THE PROBLEM
Quote the data below in full, please, without altering anything.

DATA UNDER STUDY

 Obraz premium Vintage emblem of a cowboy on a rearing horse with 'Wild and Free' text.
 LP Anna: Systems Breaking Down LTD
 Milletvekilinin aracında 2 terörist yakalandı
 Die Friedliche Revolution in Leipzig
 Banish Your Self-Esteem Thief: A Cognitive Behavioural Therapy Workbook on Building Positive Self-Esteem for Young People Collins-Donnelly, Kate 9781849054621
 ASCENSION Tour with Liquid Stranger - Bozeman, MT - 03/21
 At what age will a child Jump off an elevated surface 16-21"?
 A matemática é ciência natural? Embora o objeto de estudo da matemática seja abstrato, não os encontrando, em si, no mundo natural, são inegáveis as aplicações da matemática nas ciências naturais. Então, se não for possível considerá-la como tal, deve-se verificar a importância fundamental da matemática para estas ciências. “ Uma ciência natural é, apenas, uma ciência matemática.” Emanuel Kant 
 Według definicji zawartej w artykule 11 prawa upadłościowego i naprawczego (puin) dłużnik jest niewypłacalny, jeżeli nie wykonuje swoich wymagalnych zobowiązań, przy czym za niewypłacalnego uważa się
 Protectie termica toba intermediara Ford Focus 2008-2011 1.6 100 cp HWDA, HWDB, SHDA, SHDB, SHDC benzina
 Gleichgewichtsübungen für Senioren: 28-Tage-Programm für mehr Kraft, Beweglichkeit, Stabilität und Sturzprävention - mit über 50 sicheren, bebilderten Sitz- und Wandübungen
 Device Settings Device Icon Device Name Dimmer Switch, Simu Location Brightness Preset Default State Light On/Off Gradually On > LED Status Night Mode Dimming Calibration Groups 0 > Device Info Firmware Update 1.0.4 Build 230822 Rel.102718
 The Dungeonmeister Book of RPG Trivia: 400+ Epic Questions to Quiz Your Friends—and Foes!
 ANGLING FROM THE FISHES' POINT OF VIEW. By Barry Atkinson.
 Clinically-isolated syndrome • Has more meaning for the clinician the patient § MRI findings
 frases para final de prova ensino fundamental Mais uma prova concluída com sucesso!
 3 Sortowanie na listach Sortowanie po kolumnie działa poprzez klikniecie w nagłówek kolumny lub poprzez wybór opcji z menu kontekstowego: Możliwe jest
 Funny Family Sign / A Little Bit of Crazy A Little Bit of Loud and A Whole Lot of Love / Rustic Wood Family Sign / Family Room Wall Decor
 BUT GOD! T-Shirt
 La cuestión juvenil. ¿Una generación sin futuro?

EXPECTED ANSWER
 Obraz premium Vintage emblem of a cowboy on a rearing horse with 'Wild and Free' text.
 LP Anna: Systems Breaking Down LTD
 Milletvekilinin aracında 2 terörist yakalandı
 Die Friedliche Revolution in Leipzig
 Banish Your Self-Esteem Thief: A Cognitive Behavioural Therapy Workbook on Building Positive Self-Esteem for Young People Collins-Donnelly, Kate 9781849054621
 ASCENSION Tour with Liquid Stranger - Bozeman, MT - 03/21
 At what age will a child Jump off an elevated surface 16-21"?
 A matemática é ciência natural? Embora o objeto de estudo da matemática seja abstrato, não os encontrando, em si, no mundo natural, são inegáveis as aplicações da matemática nas ciências naturais. Então, se não for possível considerá-la como tal, deve-se verificar a importância fundamental da matemática para estas ciências. “ Uma ciência natural é, apenas, uma ciência matemática.” Emanuel Kant 
 Według definicji zawartej w artykule 11 prawa upadłościowego i naprawczego (puin) dłużnik jest niewypłacalny, jeżeli nie wykonuje swoich wymagalnych zobowiązań, przy czym za niewypłacalnego uważa się
 Protectie termica toba intermediara Ford Focus 2008-2011 1.6 100 cp HWDA, HWDB, SHDA, SHDB, SHDC benzina
 Gleichgewichtsübungen für Senioren: 28-Tage-Programm für mehr Kraft, Beweglichkeit, Stabilität und Sturzprävention - mit über 50 sicheren, bebilderten Sitz- und Wandübungen
 Device Settings Device Icon Device Name Dimmer Switch, Simu Location Brightness Preset Default State Light On/Off Gradually On > LED Status Night Mode Dimming Calibration Groups 0 > Device Info Firmware Update 1.0.4 Build 230822 Rel.102718
 The Dungeonmeister Book of RPG Trivia: 400+ Epic Questions to Quiz Your Friends—and Foes!
 ANGLING FROM THE FISHES' POINT OF VIEW. By Barry Atkinson.
 Clinically-isolated syndrome • Has more meaning for the clinician the patient § MRI findings
 frases para final de prova ensino fundamental Mais uma prova concluída com sucesso!
 3 Sortowanie na listach Sortowanie po kolumnie działa poprzez klikniecie w nagłówek kolumny lub poprzez wybór opcji z menu kontekstowego: Możliwe jest
 Funny Family Sign / A Little Bit of Crazy A Little Bit of Loud and A Whole Lot of Love / Rustic Wood Family Sign / Family Room Wall Decor
 BUT GOD! T-Shirt
 La cuestión juvenil. ¿Una generación sin futuro?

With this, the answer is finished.